I don't really know why I am so inexplicably drawn to these shows. I did not make the trek to Shoreline to bid the band adieu, I saw two shows on that tour, Merriweather and Hershey, fairly content. Sure, as I watched the setlists roll in, I got envious, but I never felt that being there was essential. Now, there's nothing I can do to stop thinking about how I can get there. I used to say that, after Big Cypress, that there wasn't another Phish concert that I will regret not being at. I guess I was wrong.

Monday, October 14th, 2002

Time has passed since I made an entry into this journal. What started as a frenetic excitement has given way to a sense of sullen defeat. Most people out there are in the same boat as I. Phish is back, but there are no tickets to be had.

There have been rumors and postings on the net about tickets slowly being released, and every so often I give good ole Ticketbastard a call, but to no avail. I can't have any optimism about it, and will probably stop calling all together.

New Years Eve has always been my favorite holiday, a holiday devoted to taking stock of one's life, to look at where you have been, and where you are going. The revelry of a concert, coupled with the camaraderie of this thriving scene which has come so far in so short of a time, makes Phish the perfect choice for a New Year's celebration, but I'm looking for other plans.
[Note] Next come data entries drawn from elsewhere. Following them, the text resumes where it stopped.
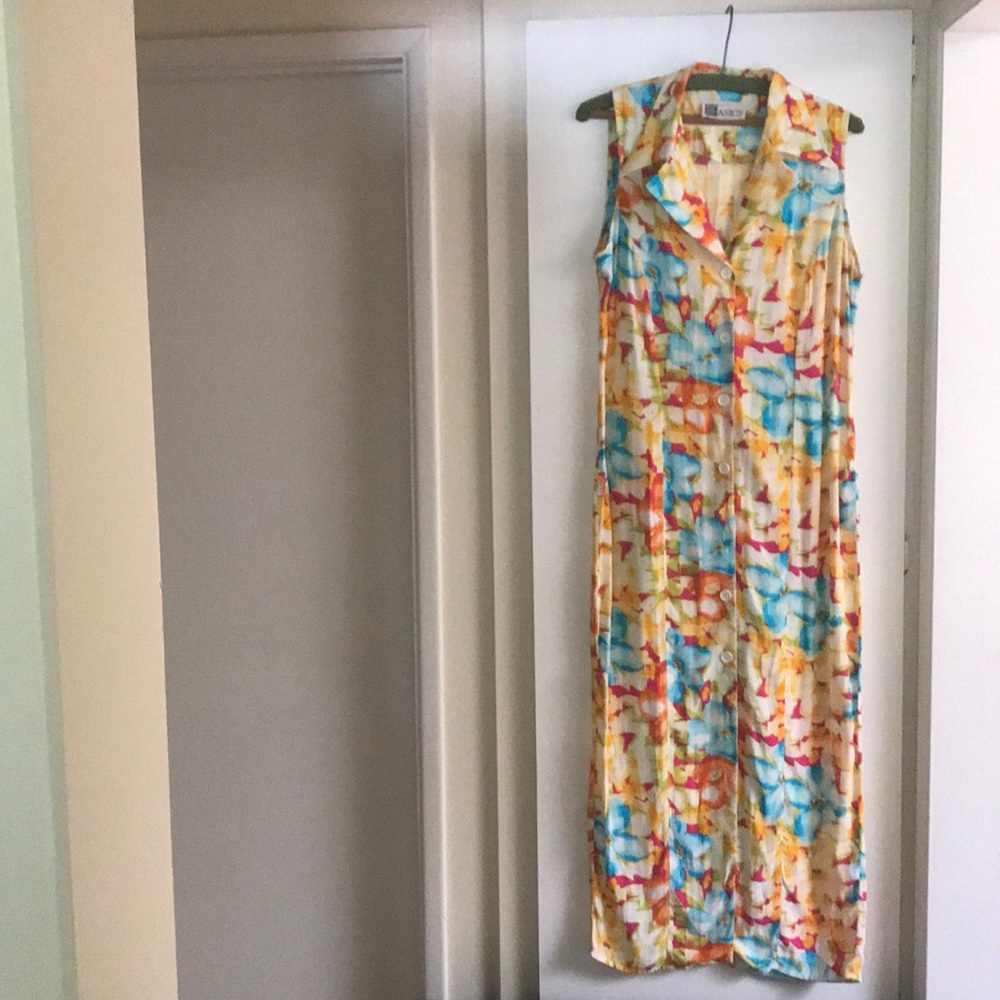 Long spring summer dress, Hawaiian colors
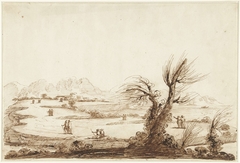 Landschap met figuren en op de voorgrond een kale wilg by Unknown Artist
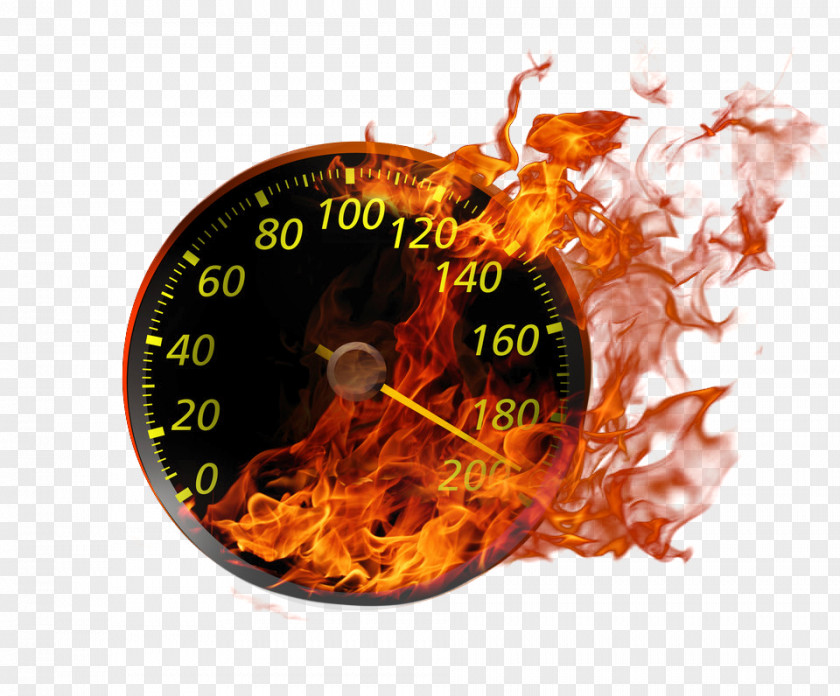Flame Effect Speedometer System Icon PNG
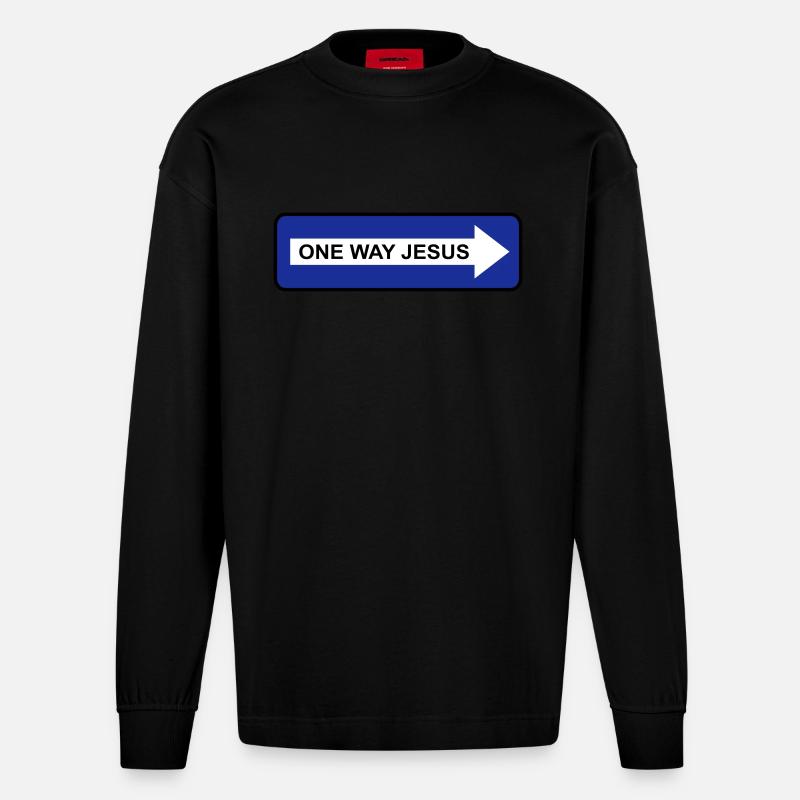 One Way Jesus - Heavyweight Oversized Organic Langarmshirt Made in EU - SOLID BLACK
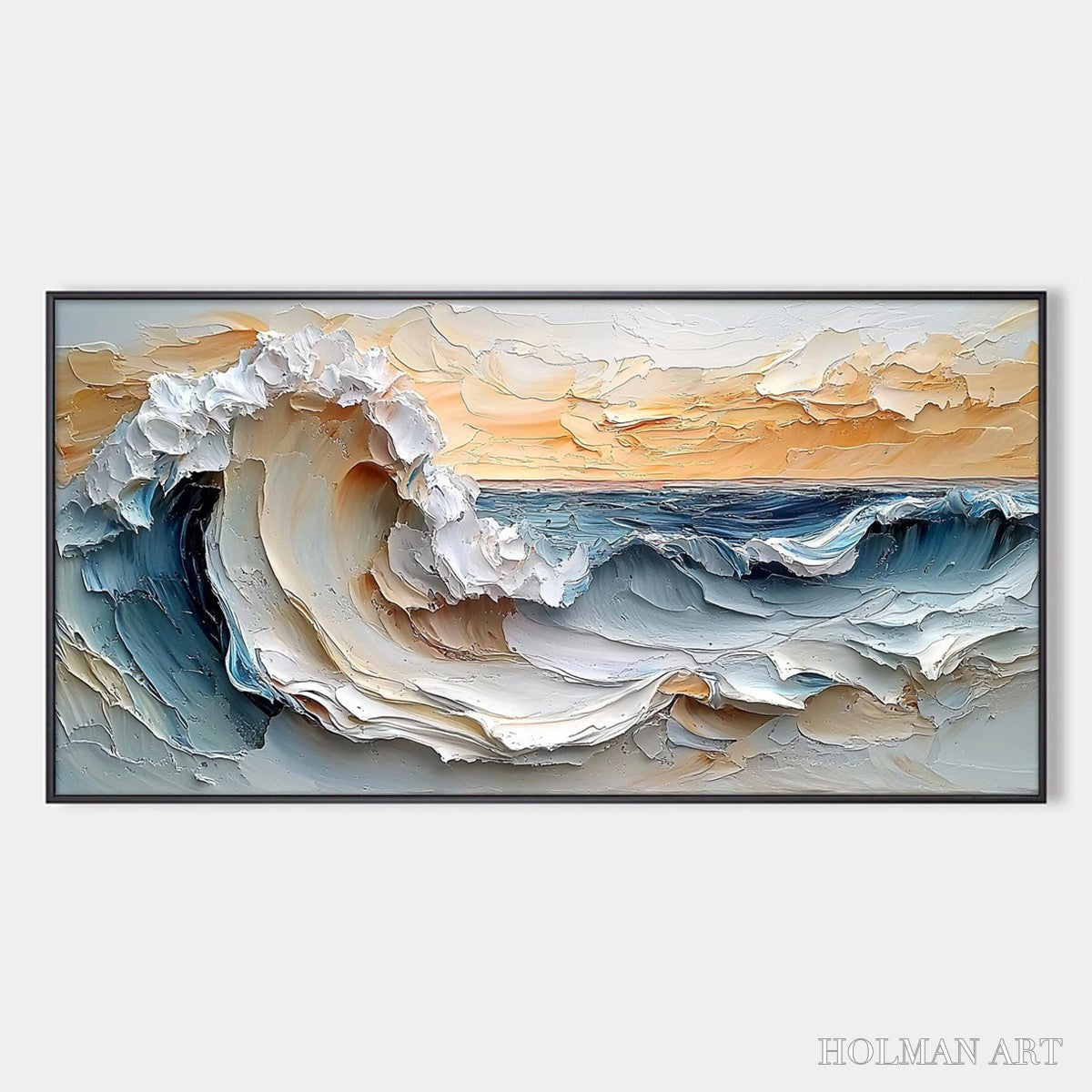HOLMAN ART Frozen Tide – Textured Abstract Blue and White Oil Painting - image 1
I had hoped that I would be able to go to the shows, miraculously find a ticket and boogie my way on in to welcome back that band which has been missing from my life for the last two years. I know now that that's not gonna happen. I've decided that I'm not going. The scene will be a circus, and fun. But I'm going to respect the band's wishes and not go. No ticket, no go. I fully intend on catching the next shows the boys play, especially if it's at Hampton, but I would hate to have a hand in them getting banned from such a legendary venue, like the Dead at the end of their run.

Personally, for me it was an easy choice. If I'm gonna miss the shows, I might as well miss them from hundreds of miles away, and it won't sting as much. There's hundreds of other bands playing on the 31st, from coast to coast. But there's only one that I'm gonna regret not being at.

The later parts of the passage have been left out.